Pub Date : 2025-12-11DOI: 10.1016/j.euf.2025.12.001
Tessa van Elst, Pedro Lopez, Laurien M Buffart, Jose A E Custers, Lieke Wever, Jippe C de Bie, Peter F A Mulders, Haiko J Bloemendal, Jean-Paul A van Basten, Niven Mehra
Background and objective: In metastatic hormone-sensitive prostate cancer (mHSPC), health-related quality of life (HRQoL) is key for personalised treatment decisions. We compared the impact of different mHSPC treatment strategies on HRQoL, tackling a previously unaddressed challenge in comparing the outcomes across different patient-reported outcome measures (PROMs).
Methods: A systematic review was conducted of prospective studies reporting HRQoL outcomes of androgen deprivation therapy (ADT) alone or with placebo, radiotherapy, abiraterone, apalutamide, enzalutamide, and/or docetaxel in mHSPC (CRD42021227902). Databases were searched in April 2022 and April 2024. HRQoL domains across different PROMs were harmonised using the Wilson and Cleary model. A frequentist network meta-analysis (NMA) compared 12-mo treatment effects using standardised mean differences (SMDs) with 95% confidence intervals (CIs). Statistical significance was defined as p < 0.05.

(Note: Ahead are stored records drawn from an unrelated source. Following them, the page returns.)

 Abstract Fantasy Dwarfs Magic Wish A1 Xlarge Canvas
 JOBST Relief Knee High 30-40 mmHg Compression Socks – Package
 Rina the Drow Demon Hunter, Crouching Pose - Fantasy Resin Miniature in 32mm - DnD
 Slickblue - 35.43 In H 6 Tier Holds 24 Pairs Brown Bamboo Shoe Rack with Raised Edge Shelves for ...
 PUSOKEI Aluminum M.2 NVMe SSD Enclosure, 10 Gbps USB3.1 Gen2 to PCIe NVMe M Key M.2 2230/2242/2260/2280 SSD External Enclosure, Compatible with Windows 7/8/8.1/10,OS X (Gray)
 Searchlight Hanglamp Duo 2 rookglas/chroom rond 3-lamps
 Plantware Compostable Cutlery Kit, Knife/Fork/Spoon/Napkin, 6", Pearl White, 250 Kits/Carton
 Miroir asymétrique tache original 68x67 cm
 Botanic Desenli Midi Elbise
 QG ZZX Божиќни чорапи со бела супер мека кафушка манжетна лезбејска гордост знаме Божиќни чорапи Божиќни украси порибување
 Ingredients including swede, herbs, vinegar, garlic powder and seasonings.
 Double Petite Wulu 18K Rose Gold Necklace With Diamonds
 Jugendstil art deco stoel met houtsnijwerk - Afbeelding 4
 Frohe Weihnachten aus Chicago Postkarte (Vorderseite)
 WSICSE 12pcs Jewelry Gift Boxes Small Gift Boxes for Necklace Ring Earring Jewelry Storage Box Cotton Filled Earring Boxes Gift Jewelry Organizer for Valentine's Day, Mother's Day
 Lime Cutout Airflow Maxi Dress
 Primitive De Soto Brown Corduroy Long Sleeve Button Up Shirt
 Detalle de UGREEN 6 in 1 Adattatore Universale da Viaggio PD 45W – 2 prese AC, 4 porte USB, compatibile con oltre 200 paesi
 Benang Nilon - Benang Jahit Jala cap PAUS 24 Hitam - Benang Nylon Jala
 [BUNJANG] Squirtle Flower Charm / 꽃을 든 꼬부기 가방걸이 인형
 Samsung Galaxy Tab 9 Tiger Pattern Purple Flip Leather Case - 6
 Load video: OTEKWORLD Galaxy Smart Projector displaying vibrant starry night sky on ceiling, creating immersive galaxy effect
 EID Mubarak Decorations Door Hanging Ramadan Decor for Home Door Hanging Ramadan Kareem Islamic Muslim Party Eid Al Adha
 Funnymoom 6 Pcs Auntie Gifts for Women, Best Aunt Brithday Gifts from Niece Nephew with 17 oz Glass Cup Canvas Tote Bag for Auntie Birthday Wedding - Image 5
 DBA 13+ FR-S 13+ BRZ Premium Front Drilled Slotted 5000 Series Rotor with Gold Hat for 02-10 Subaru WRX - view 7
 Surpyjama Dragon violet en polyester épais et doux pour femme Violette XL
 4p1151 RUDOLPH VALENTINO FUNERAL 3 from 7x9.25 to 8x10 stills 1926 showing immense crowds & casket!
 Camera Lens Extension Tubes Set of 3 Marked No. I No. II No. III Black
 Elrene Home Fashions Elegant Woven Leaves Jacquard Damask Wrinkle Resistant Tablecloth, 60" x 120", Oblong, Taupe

Key findings and limitations: Of the 24 articles included, nine were analysed in the NMA (eight trials, n = 6248). ADT + abiraterone resulted in significantly less pain than ADT + placebo (SMD: -0.22, 95% CI [-0.33; -0.10], p < 0.001), ADT + apalutamide (SMD: -0.17, 95% CI [-0.31; -0.02], p = 0.022), and ADT + enzalutamide (SMD: -0.23, 95% CI [-0.37; -0.09], p = 0.001). Less fatigue was observed with ADT + abiraterone versus ADT + enzalutamide (SMD: -0.45, 95% CI [-0.88; -0.02], p = 0.041). ADT + abiraterone showed significantly better physical functioning than ADT + enzalutamide (p = 0.015) and ADT + placebo (p = 0.032). Both were also associated with significantly worse general health perception than ADT alone, ADT + docetaxel, and ADT + radiotherapy. General health perception and overall quality of life were significantly better with ADT + abiraterone than with ADT + enzalutamide, ADT + apalutamide, and ADT + placebo (p < 0.001). The limitations include heterogeneity (0-76%) and few eligible trials.
Conclusions and clinical implications: HRQoL outcomes differ across treatment strategies for mHSPC. At 12 mo, ADT + abiraterone yielded the most favourable HRQoL profile.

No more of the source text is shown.